Passons sur le terme capital humain utilisé par nos technocrates pour ne garder que l'essentiel : la politique israélienne ne produit pas que de la misère, de la colère, de la frustration ; elle produit également, massivement, de la déraison.
La classe politique israélienne a besoin de cet état de guerre pour survivre. Durant des décennies, les différents conflits ayant opposé Israël et ses voisins arabes lui ont permis d'affermir le sentiment national : Israël, terre de pionniers ; Israël et ses citoyens-soldats ; Israël la socialiste avec ses kibboutz ; Israël, pays démocratique, pointe avancée de l'Occident en terre arabe…

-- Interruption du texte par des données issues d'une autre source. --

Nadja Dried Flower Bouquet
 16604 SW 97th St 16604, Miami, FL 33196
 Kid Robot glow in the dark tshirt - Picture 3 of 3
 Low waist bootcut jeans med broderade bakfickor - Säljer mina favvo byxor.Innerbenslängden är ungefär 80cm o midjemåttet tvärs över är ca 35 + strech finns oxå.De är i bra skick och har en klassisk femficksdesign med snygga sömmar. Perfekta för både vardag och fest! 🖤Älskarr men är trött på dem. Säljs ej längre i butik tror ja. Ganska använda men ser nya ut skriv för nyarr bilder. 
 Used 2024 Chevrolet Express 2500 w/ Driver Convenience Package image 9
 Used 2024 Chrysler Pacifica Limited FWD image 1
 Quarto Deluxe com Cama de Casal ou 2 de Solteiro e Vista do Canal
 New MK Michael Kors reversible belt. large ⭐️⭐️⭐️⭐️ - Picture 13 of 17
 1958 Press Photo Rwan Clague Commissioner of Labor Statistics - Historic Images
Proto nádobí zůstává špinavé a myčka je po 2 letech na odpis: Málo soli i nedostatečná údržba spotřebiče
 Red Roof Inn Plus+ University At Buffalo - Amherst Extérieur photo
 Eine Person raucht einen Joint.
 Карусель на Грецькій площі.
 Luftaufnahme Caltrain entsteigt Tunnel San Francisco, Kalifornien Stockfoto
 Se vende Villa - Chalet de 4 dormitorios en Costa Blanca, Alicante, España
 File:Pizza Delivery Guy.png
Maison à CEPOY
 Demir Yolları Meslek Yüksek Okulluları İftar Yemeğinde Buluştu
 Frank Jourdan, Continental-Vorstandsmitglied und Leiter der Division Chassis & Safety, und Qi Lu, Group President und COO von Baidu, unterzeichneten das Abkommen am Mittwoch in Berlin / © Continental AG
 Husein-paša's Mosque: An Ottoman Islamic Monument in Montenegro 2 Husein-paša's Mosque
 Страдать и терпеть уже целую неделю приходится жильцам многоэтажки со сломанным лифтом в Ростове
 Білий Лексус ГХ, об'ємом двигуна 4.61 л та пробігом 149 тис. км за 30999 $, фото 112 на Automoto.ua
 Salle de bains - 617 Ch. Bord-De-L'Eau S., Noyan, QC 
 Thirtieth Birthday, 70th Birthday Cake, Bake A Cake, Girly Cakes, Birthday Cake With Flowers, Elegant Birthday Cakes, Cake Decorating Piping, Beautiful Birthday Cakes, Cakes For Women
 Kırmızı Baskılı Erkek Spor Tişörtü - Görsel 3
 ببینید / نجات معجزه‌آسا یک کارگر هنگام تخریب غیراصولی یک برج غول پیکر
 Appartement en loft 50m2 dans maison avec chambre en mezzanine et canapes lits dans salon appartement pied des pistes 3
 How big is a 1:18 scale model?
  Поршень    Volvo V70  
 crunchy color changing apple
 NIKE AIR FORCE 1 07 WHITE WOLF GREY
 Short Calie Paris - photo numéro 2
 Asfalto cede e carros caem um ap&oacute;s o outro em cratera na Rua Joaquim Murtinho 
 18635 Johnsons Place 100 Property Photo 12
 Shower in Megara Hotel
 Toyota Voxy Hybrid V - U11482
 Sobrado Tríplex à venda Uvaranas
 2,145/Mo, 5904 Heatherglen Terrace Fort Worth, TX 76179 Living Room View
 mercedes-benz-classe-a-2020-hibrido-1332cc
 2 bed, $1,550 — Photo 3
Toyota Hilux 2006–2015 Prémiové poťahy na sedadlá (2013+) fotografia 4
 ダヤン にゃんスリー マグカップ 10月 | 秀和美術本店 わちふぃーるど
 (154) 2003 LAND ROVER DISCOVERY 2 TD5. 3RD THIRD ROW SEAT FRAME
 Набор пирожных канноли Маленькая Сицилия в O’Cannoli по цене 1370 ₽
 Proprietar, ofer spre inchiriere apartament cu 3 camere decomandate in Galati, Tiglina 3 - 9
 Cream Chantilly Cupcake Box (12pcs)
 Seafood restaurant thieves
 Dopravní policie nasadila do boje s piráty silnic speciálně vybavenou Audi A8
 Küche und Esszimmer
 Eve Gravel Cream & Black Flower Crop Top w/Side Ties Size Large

La classe politique israélienne a besoin de cet état de tension parce qu'il permet que ce soit l'urgence qui gouverne. C'est au nom de l'urgence qu'il y a à se défendre et à se prémunir que l'on bâtit des murs, que l'on expulse des villages, que l'on implante des colonies ; l'Etat d'Israël a besoin d'une guerre, même de basse intensité, pour faire sentir aux citoyens juifs d’Israël, que l’ennemi est toujours là.
Sans cette dictature de l'urgence, la classe politique israélienne serait mise dans l'obligation de répondre prioritairement aux attentes sociales des citoyens de toutes confessions. Sans cette dictature de l'urgence, la classe politique israélienne serait obligée de se positionner concrètement sur la nature même de l’État d'Israël, qui se dit à la fois juif et démocratique. Or, avec cette définition ethno-religieuse de l’État d'Israël, les sionistes d'hier et d'aujourd'hui ont condamné de fait une partie des citoyens, laïcs, chrétiens, musulmans, à la marginalisation politique et sociale.
Grâce à cette dictature de l'urgence, la classe politique israélienne s'accorde un sursis, le temps de bâtir, derrière de hauts murs une citadelle assiégée, soudée par la paranoïa.